There is a very great importance to this line of thinking. A belief that something is always itself is incomplete and does not allow for change. In matters of nature and physical world, such a belief will result in wrong calculations. And at the interpersonal level, seeing someone as remaining what they've known him to be from decades ago prevents growth, alteration and improvement and keeps leading people back to places that they by all righteous measure should have left.

Does something retain its identity? It does and it doesn't. What something is at a later point in time is a function of what it was in the past and the change that has taken place in the interim.

This is in no way a surprising conclusion; but it is something that does need to be said, as people tend to forget things of this nature.

I've ran some mathematical equations on this.
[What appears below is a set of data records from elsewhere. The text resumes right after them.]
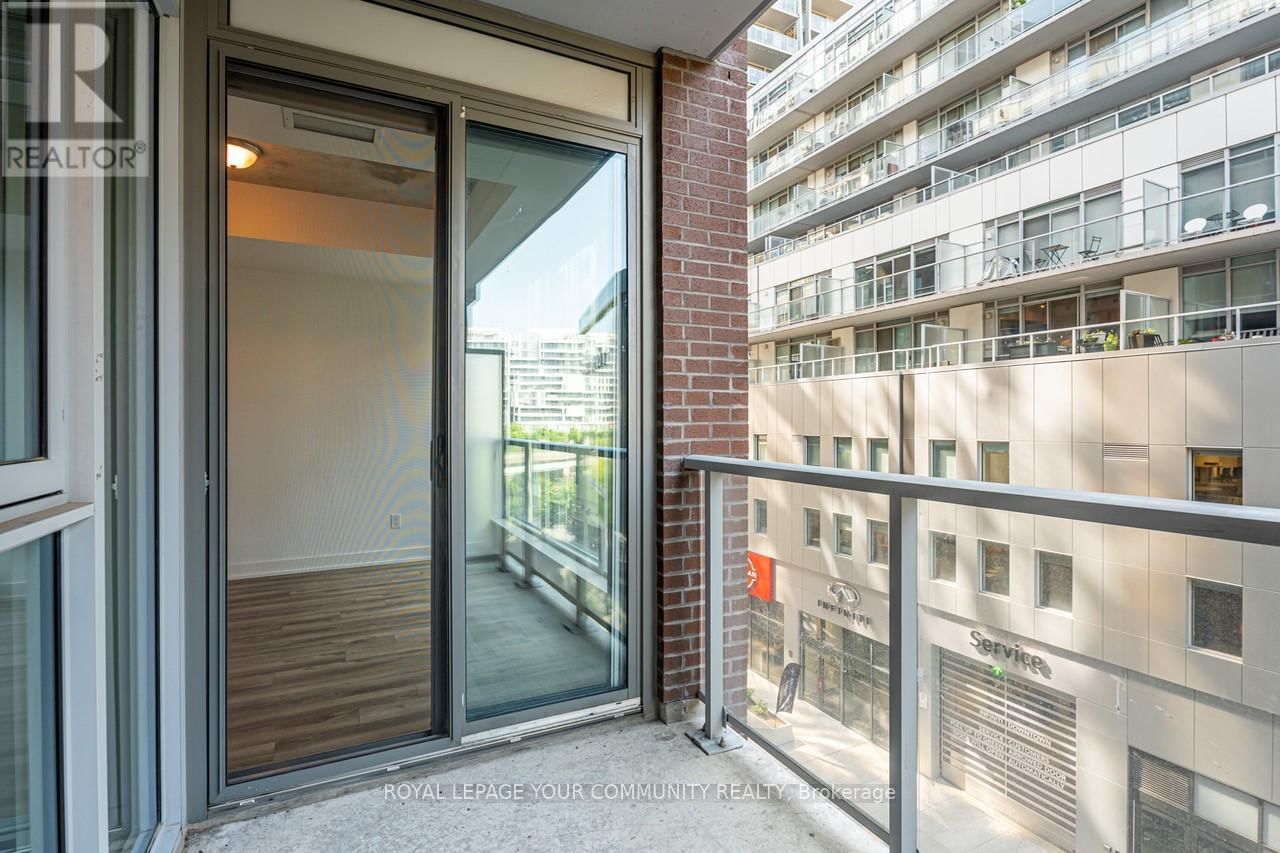 415 - 30 BASEBALL PLACE Image 20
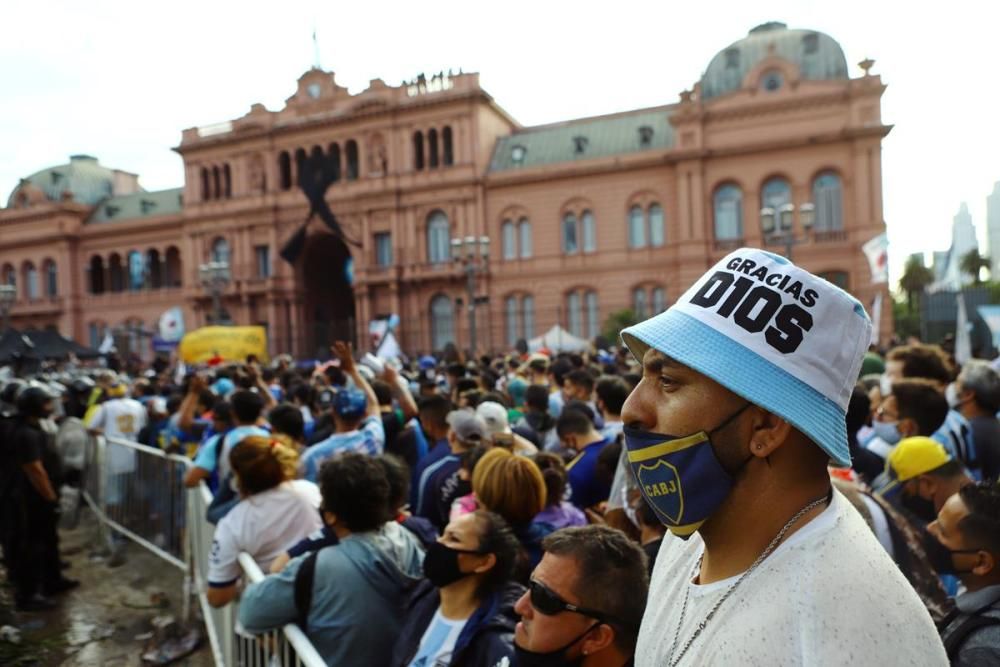 Argentina plora a Maradona en una vetlla multitudinària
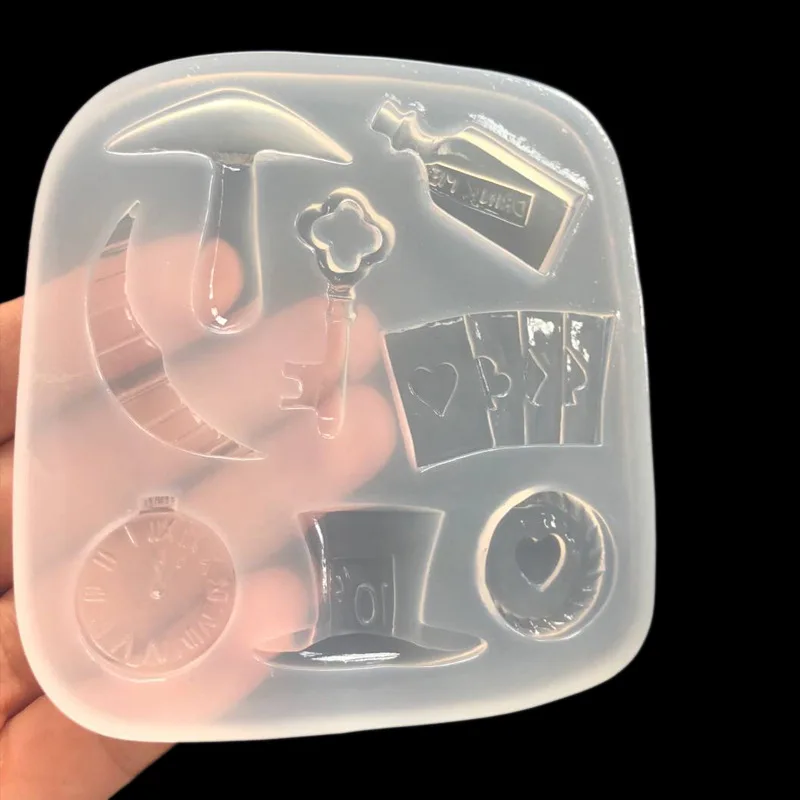 New Mirror Epoxy Poker Hat Alarm Clock Watch Handmade Accessories Mold 16547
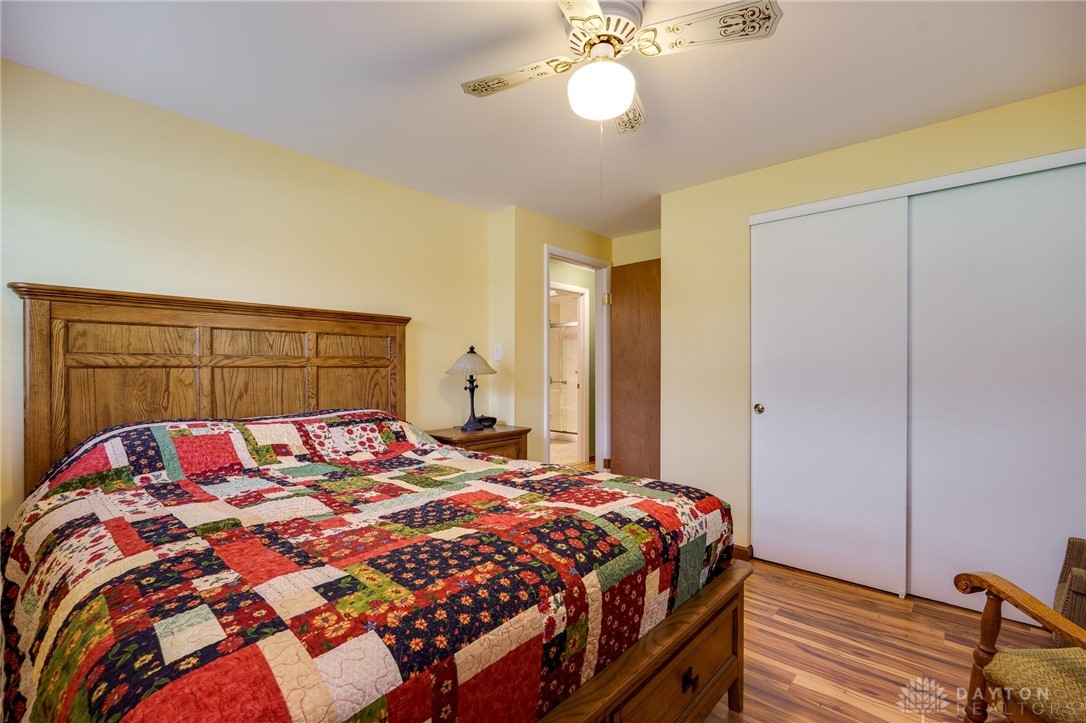 1252 Harmony Lane, Fairborn, Ohio image 30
Here goes:

(1) A = A                                          (law of identity)
(2) A1 = A0 + D                               (object changes over time, D is total change)
(3) D = t * dD/dt                               (change is time times the rate of change)
(4) A1 = A0 + t*dD/dt                      (substitute (3))
(5) A1 - A0 = D                                (from (2))
(6) A1 - A0 = t*dD/dt                       (substituting from (4))
(7) t= (A1-A0) / (dD/dt)                    (time equals difference divided by rate of change)
(8) t = D / (dD/dt)                              (substituting from (5)
(time equals change divided by rate of change)
(9) dD/dt = D / t                                 (rate of change is change divided by time)

Conclusions:

(1) For any given change, the faster the change, the less the time; the slower the change, the greater the time.

(2) The greater either the speed of change or the time, the greater the change.

(3) Infinite time or infinite speed of change creates infinite change.

(4) The object retains its identity as A0, with alteration by D, which is a factor of time taken to change and speed of change.

(5) With time, the identity changes in any number of possible directions.

(6) Time is part of the change process and is encoded in the changes that are made in the object being studied.

(7) Time and change thus results in alteration of reality; and time is woven into the fabric of reality, including things as they exist now and as they are yet to exist.